Brendan McDermid | Reuters
Traders work on the floor of the New York Stock Exchange.

Earnings will also be in focus this week, with major banks and financials, like J.P. Morgan, Wells Fargo and AmericanExpress reporting, and other blue chips like Intel and Johnson & Johnson. For the first time in six years, earnings are expected to decline significantly, with a 2.9 percent drop seen in S&P 500 net income, according to Thomson Reuters.

Commerce Bancshares posted earnings of 61 cents a share, versus the prior quarter's 62 cents a share. The financials services firm also posted a decline in net income from the previous quarter and the first quarter last year.

The waves of corporate reports comes amid persistent dollar strength. The dollar index against a basket of currencies gained 1.8 percent last week to just over 99.30 and is expected to test new resistance levels in coming weeks.

Ahead of several Federal Reserve speakers later in the week, The Lindsey Group's Peter Boockvar noted the rise in Treasury yields.

The 2-year note yield traded near 0.57 percent and the 10-year note yield rose as high as 1.98 percent.

"In the FOMC minutes released last week, they said 'Further improvement in the labor market, a stabilization of energy prices, and a leveling out of the FX value of the dollar were all seen as helpful in establishing confidence that inflation would turn up,'" Boockvar said in a morning note. "We know the labor market has improved, oil prices are at the same level seen 3 months ago and thus reflecting 'stabilization' and we'll see what the U.S. dollar does on this retest of its recent highs."

Oil extended gains after last week's rig count showed a slowdown in U.S. drilling.
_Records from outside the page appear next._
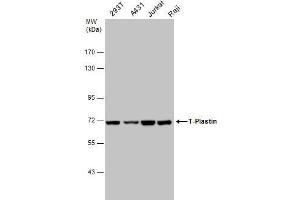 WB Image T-Plastin antibody detects T-Plastin protein by western blot analysis.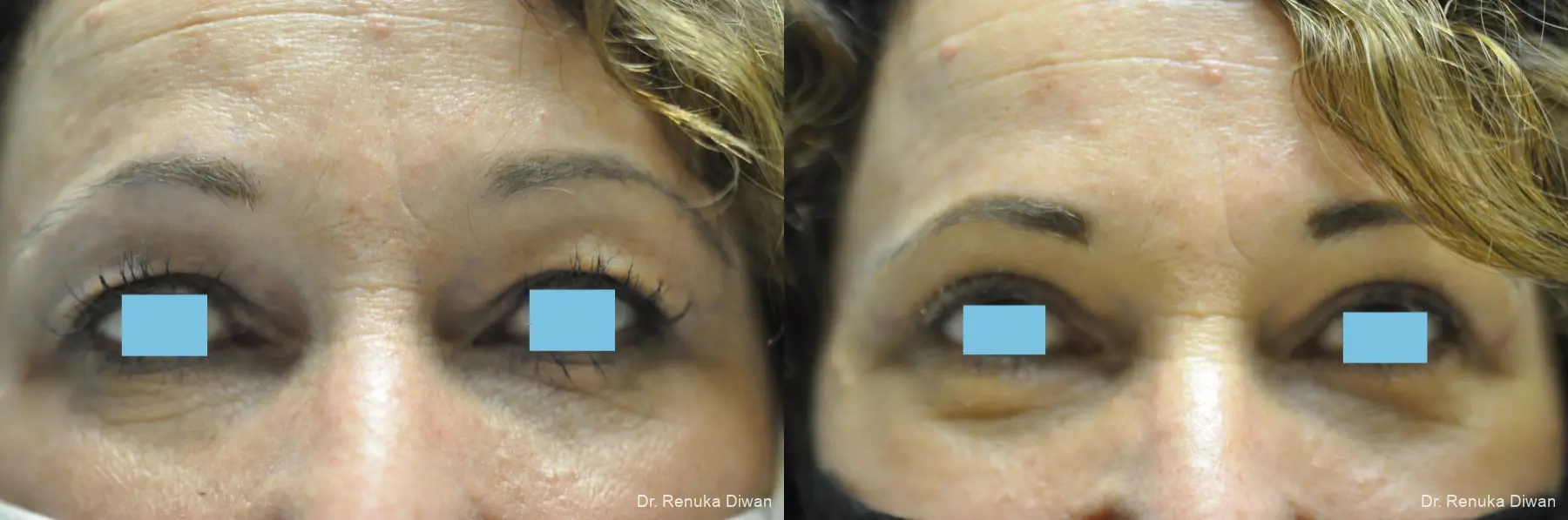 Blepharoplasty: Patient 5 - Before and After 2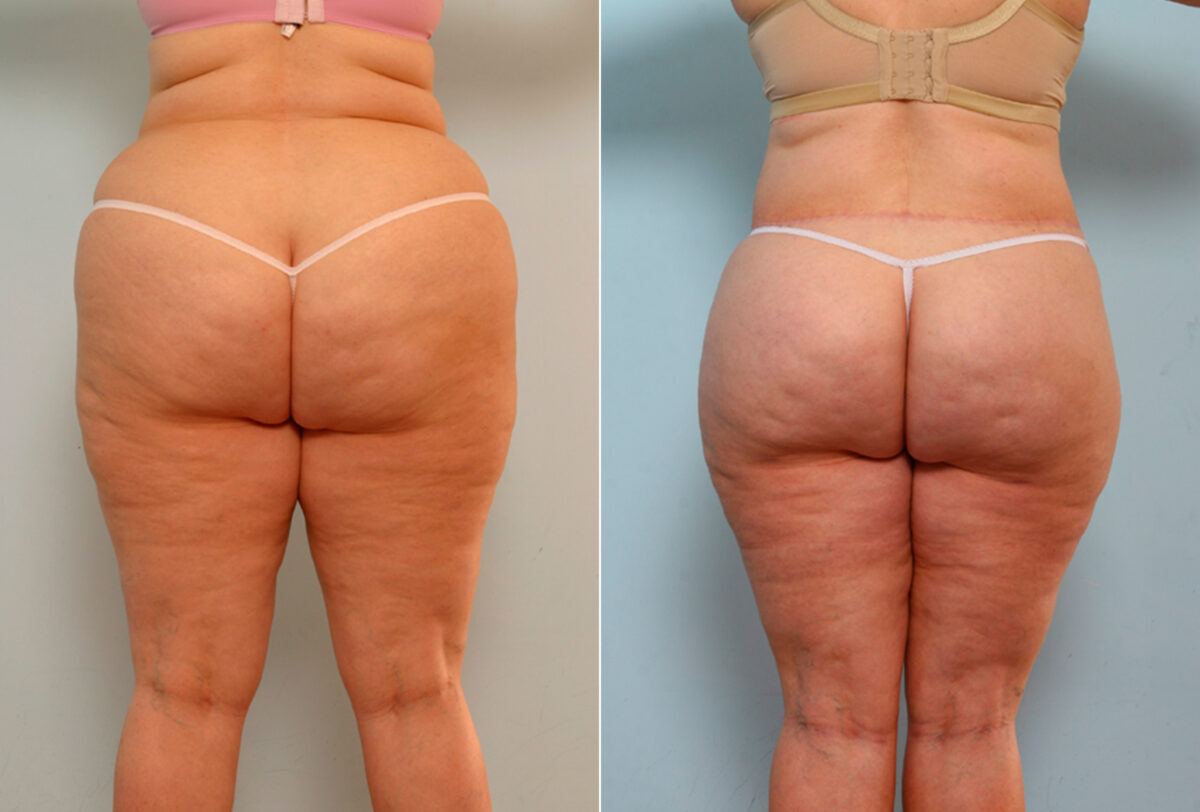 Body Lift before and after photos in Houston, TX, Patient 26734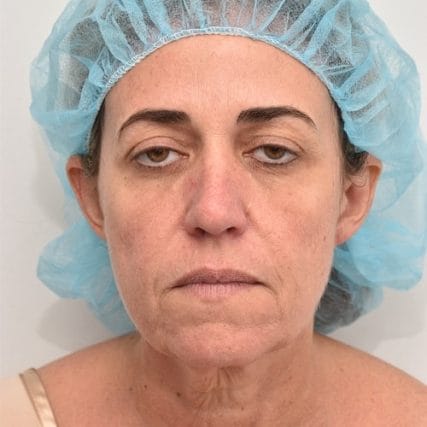 Deep-Plane-Facelift-14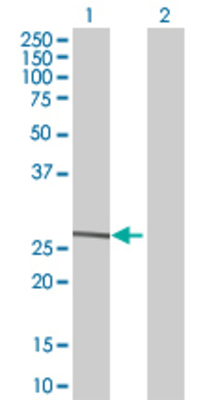 Lane 1: PSPH transfected lysate (24.86 KDa) Lane 2: Non-transfected lysate.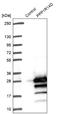 Protein Phosphatase 1 Regulatory Inhibitor Subunit 14D antibody, NBP1-85484, Novus Biologicals, Western Blot image 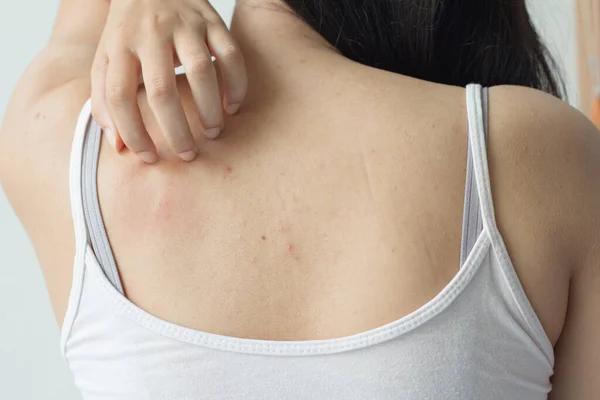 アジアの女性はにきびスポットと赤い傷で彼女の背中を示す若い女性 — ストック写真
Crude rose above $52 a barrel and brent traded juts below $59 a barrel.

Meanwhile, European equities were lower in morning trade on Monday as investors paused for breath and digested fresh economic data from China, after stellar gains last week.

U.S. stocks closed higher on Friday, with GE news boosting the Dow to over 18,000 for the first time in April as investors looked ahead to the official start of earnings season next week.

In U.S. corporate news, Sears struck a 50/50 joint venture deal with Simon Property, designed to unlock the real estate value in the 10 properties it will contribute to the venture. The news follows a similar deal with another mall operator, General Growth Properties, earlier this month.

Apple Watch customers will have to wait longer than expected for delivery, with Apple having pushed back shipping times to May and June after the new product saw a surge in orders. A Bank of America report estimates Apple will ship about four million Apple Watches during the June quarter.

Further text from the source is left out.